**Material for the task**
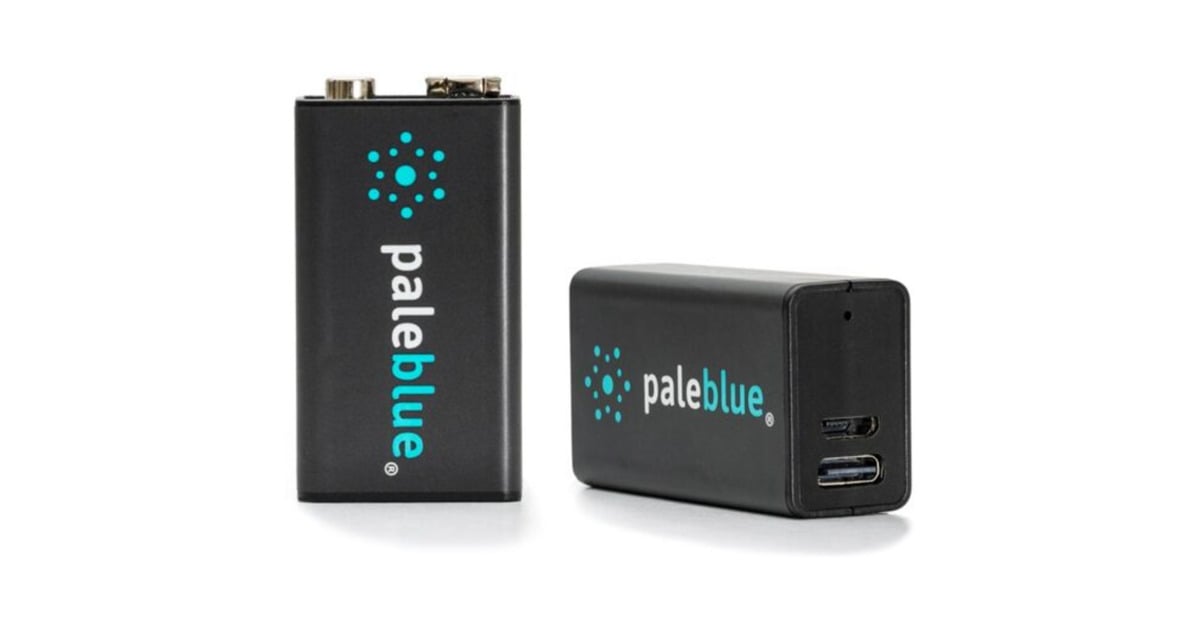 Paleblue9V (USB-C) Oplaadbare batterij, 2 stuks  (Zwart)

...

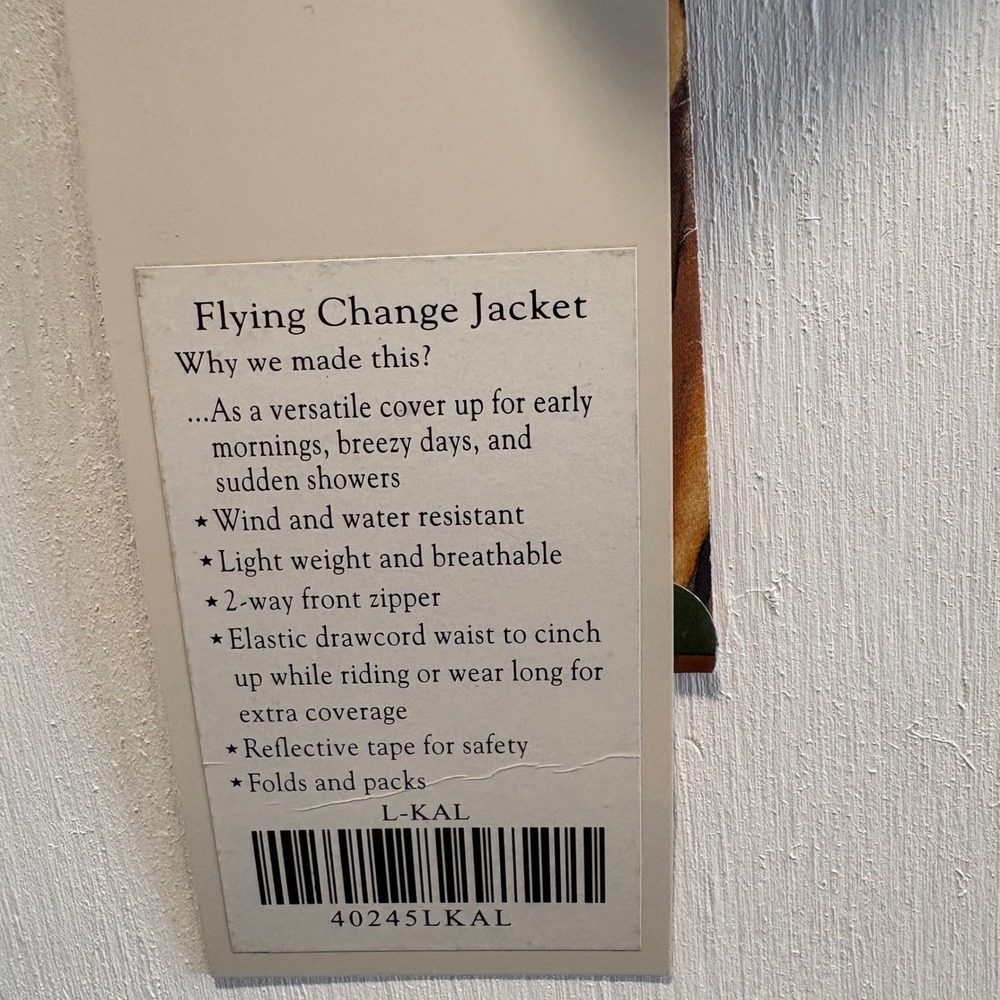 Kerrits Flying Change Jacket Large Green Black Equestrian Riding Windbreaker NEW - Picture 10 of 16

...

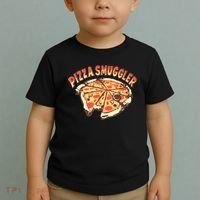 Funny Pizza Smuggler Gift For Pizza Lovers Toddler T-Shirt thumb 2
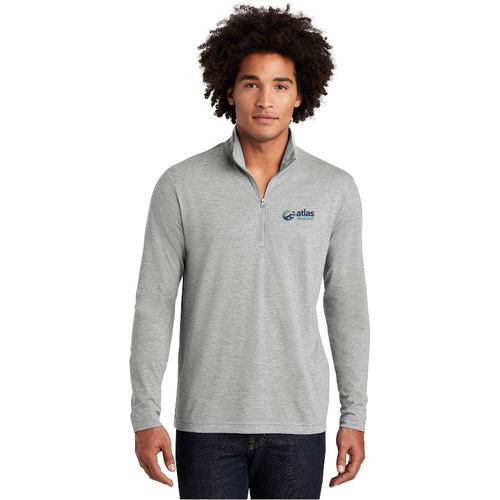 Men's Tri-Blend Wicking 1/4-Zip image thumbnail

**The task**
What you need to produce is an exact copy of the entries above, limited to the lines from the one with "Funny Pizza Smuggler" up to and including the one with "Men's Tri-Blend Wicking", without pictures.

**Response to the task**
 Funny Pizza Smuggler Gift For Pizza Lovers Toddler T-Shirt thumb 2
 Men's Tri-Blend Wicking 1/4-Zip image thumbnail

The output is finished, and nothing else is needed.